Через год за Бобби последовала Мария. Сестра матери, моя тетя Энни, жившая с нами в то время, помогала ухаживать за детьми. Она вызывала у Марии истерический смех, приговаривая: «Д-д-д-д-д-д-д-д-дорогая девочка!» Очень скоро Марию стали называть Ди-Ди. Сестра выросла и стала суперпопулярной. Она, как и Кэти, Бетси и Сюзи, уделяла много времени моде, которая проложила себе дорогу в наш дом. В западной части Элмайры в то время в моде была опрятная одежда, а дети одевались в стиле «преппи»[3]. Они посещали все местные семейные магазины — Rosenbaum, Gorton Coy, Sportogs, Schwartz, Iszard — и носили одежду таких марок, как Villager, Ladybug, John Meyer of Norwich. Я видел, в чем щеголяли мои сестры и что они давали друг другу поносить, из-за чего ссорились.

— Ты растянула мой свитер! — орала Сюзи на Кэти.

— Я же не носила его долго!

— Ладно, ты его больше никогда не наденешь!

— Отлично, ты больше никогда не получишь мой килт!

Это были важные вещи!

Дети продолжали появляться на свет. Мне никогда не нравилось видеть мою маму в платье для беременных, потому что это означало, что должен родиться еще один Хилфигер, а значит, мне достанется меньше маминого внимания и в доме будет гораздо больше беспорядка. По соседству жило полно больших семей, какие были в свое время у многих католиков, поэтому про миссис Хилфигер, беременную шестым или седьмым ребенком, никто не сказал бы: «Боже мой, сколько же у них детей?» Она скорее могла услышать: «У вас только девять? У Шихансов уже одиннадцать!»

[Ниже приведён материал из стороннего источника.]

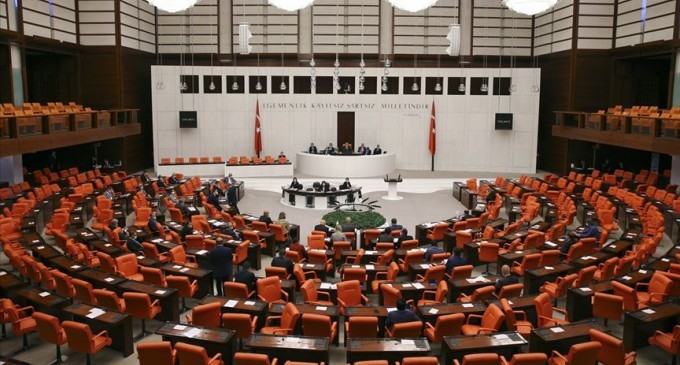 Kobani araştırma önergesi 10. kez reddedildi
HDP'nin 50'den fazla kişinin yaşamına mal olan Kobani olayları sırasında yaşananların aydınlatılması için verdiği araştırma önergesi, AKP-MHP oylarıyla 10’uncu kez reddedildi. https://t.co/HFypmY8TCz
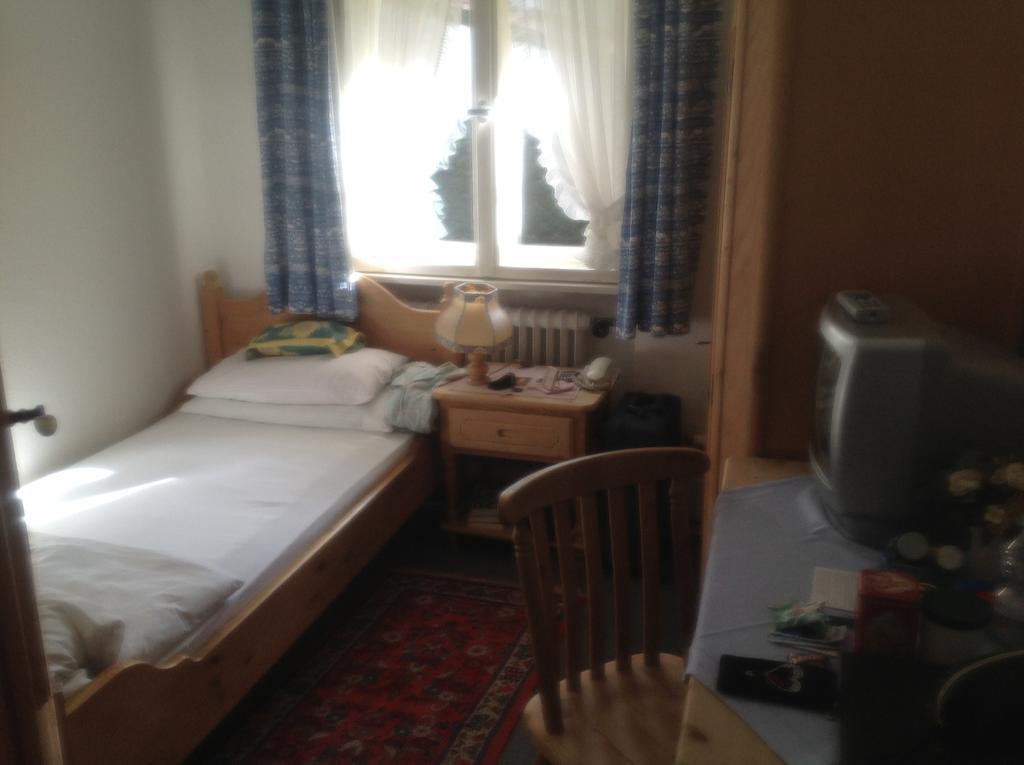 Haus Hollental Hotel Garmisch-Partenkirchen Ruang foto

Мой брат Энди, восьмой по счету ребенок за двенадцать лет, был на десять лет моложе меня. Думаю, папа чувствовал, что этот малыш уже лишний, и все-таки любил мою сестру Вирджинию-Джинни — она была последней из выводка и на тринадцать лет моложе меня. Долгое время мы называли ее «крошка Джинни». Она была воплощением очарования.

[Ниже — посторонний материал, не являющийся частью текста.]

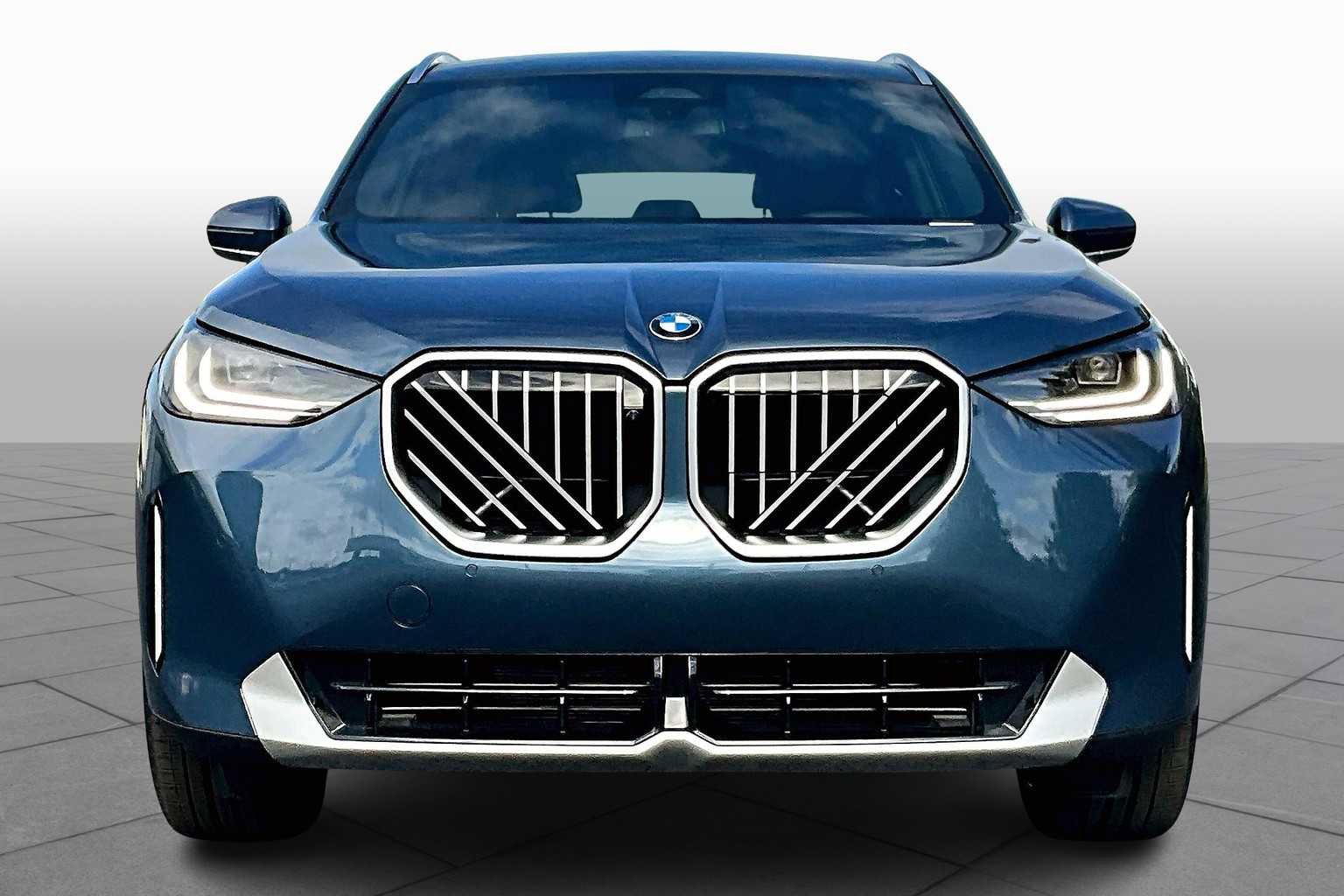 Used 2026 BMW X3 xDrive30 w/ Premium Package image 3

У папы имелись любимчики. Он был очень мил со Сюзи, Билли, Бобби, Бетси и Джинни. Тяжело приходилось Кэти, Энди, Ди-Ди и мне. Позже я стал посещать психотерапевта по имени Роберта Сорвино. Раньше никогда не видел психотерапевтов. Она оказалась невероятной женщиной, обладавшей мудростью и способной к состраданию. Даже сейчас, тридцать пять лет спустя, Роберта остается моим близким другом. Именно она указала на одно обстоятельство, которое, как мне представляется, многое объясняет: все папины любимчики носили имена членов его семьи, а остальные (за исключением Кэти) были названы в честь родственников по другой линии, к ним он относился иначе. Возможно, психологически это повлияло на его отцовские чувства, хотя думаю, что он ненавидел меня, потому что я не отвечал его ожиданиям (я так и не смог выяснить, в чем причина его скверного отношения к моей сестре Кэти). Я заметил, что отец начинает воспринимать Энди так же, как и меня. Когда папина машина сворачивала на подъездную дорожку, каждый вечер я брал этого маленького мальчика, на десять лет младше меня, и занимался с ним чем-нибудь, оставаясь вне поля зрения отца.

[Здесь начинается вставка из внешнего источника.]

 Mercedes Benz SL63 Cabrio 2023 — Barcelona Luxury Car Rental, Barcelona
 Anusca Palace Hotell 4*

Даже бабушка по отцовской линии была настроена недоброжелательно. Бабушка Дороти жила со вторым мужем, Эндрю, в Джексонвилле, штат Флорида, и изредка приезжала, чтобы навестить нас. Она была жестокой, раздражительной и властной в отношении меня, но обожала Бетси, которая выделялась своей красотой. «Выйди из комнаты, — говорила она мне, — я разговариваю с твоей матерью. Мы должны тебя видеть, но не слышать». Бабушка позволяла моей сестре сидеть с ними, но только не мне: «Выйди и поиграй».

— Но на улице холодно, там три фута[4] снега…

— Меня это не волнует. Поиграй на улице.

Как послушный мальчик, я вышел на улицу. Когда вконец замерз, вернулся домой и постучал в дверь, а моя мать позволила мне войти.

Бабушка злилась, что ей пришлось капитулировать.

Когда мне исполнилось одиннадцать, Кэти, Сюзи и Бетси (тринадцати, десяти и восьми лет на тот момент) были приглашены во Флориду, чтобы провести там лето. Меня не позвали. Когда я спросил, могу ли тоже приехать, после небольшого обсуждения бабушка смягчилась. Правда, без особого желания. Хотя в те дни не было ничего необычного в том, что детей отправляли к родственникам на автобусе, нас посадили в автобус транспортной компании «Грейхаунд» без сопровождения. Примерно в середине ночи мы добрались до Чарльстона, штат Южная Каролина, и мне понадобилось сходить в туалет. Выйдя из автобуса, увидел двух парней неряшливого вида, которые уставились на меня. Тогда я не знал, что такое извращенец, но они меня напугали. Я бросился в туалет, сделал свое дело так быстро, как мог, и поспешно вернулся в автобус. Моих сестер не было на месте. Я ждал, время шло, автобус готовился отъехать, и мое волнение нарастало. На мгновение подумал, что я потерялся. Наконец троица бегом вернулась из туалета. Может быть, в середине 1960-х годов отпускать детей путешествовать более чем за тысячу километров на автобусе без сопровождения взрослого было приемлемо для родителей, тем не менее даже пятьдесят лет спустя до сих пор чувствую озноб, думая об этом. Этот опыт, полученный много десятилетий назад, повлиял на мое родительское поведение: я всегда оберегаю своих детей, возможно, чересчур. Даже сейчас я должен пообщаться с ними хотя бы раз в день. Уверен, что мои дети ощущают это как бремя, но такова данность.

Мы провели большую часть лета вместе с бабушкой. Кажется, каждый день она поручала мне пропалывать ее сад. Было сорок три градуса по Цельсию, душно и гадко от туч насекомых. Бывало, выдернув пару сорняков, думал: «Почему это делаю только я? Мои сестры смотрят сериалы и едят конфеты с бабушкой, а меня она посылает полоть огород». Я задавался вопросом: каково было моему папе расти в доме бабушки (я слышал от родственников, что дед устраивал моему отцу порку за провинности).

Тетя Энни, сестра моей мамы, видела все происходящее. Она и моя мама часами сидели на кухне, курили сигареты и пили кофе, развлекая себя сплетнями. В основном говорила тетя Энни. Я любил ее, потому что она действительно любит меня. «Верь в себя, — всегда повторяла мне она. — Ты хороший человек. Умный мальчик. Держись подальше от своего отца».

Элмайра находилась в штате Нью-Йорк. Это напоминало жизнь, изображенную в сериале Leave It to Beaver («Предоставьте это Биверу». — Примеч. пер.). Город был поделен на богатую западную сторону, рабочую восточную и южную, где жили мы. Я рос под впечатлением от Клуба Микки Мауса и атомной бомбы Дэви Крокетт[5]. Все дети играли на улице.